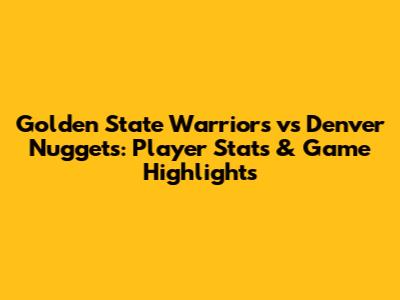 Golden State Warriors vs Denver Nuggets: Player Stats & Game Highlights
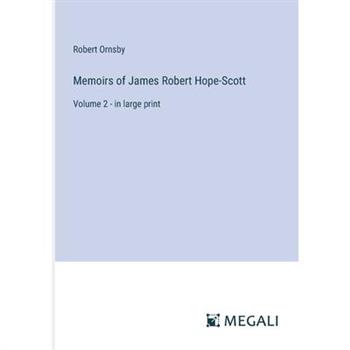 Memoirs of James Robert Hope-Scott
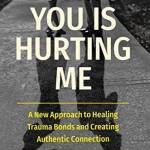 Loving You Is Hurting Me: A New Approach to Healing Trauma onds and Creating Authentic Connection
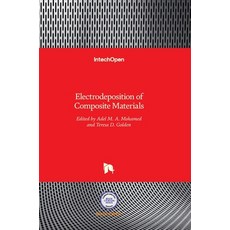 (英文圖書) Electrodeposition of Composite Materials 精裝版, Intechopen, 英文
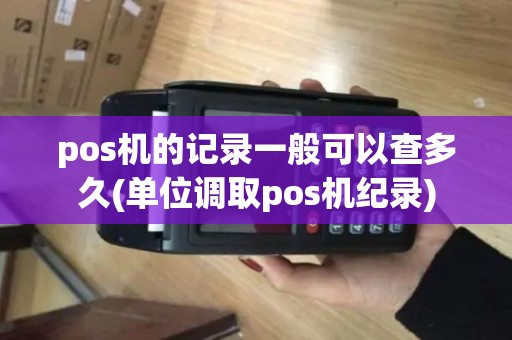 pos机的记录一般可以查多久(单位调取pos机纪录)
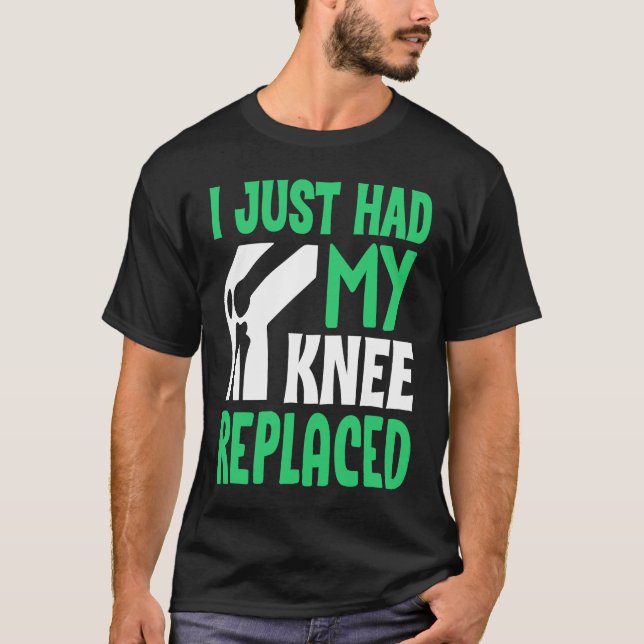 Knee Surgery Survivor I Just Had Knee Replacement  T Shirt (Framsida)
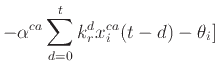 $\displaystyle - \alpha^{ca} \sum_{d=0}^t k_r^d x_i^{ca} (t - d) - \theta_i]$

-*-

**Problem requirements**: Leave the pictures out, then output exactly the lines from the "Loving You Is" line through the end of the records above, and no others.

**Your solution**:
 Loving You Is Hurting Me: A New Approach to Healing Trauma onds and Creating Authentic Connection
 (英文圖書) Electrodeposition of Composite Materials 精裝版, Intechopen, 英文
 pos机的记录一般可以查多久(单位调取pos机纪录)
 Knee Surgery Survivor I Just Had Knee Replacement  T Shirt (Framsida)
 $\displaystyle - \alpha^{ca} \sum_{d=0}^t k_r^d x_i^{ca} (t - d) - \theta_i]$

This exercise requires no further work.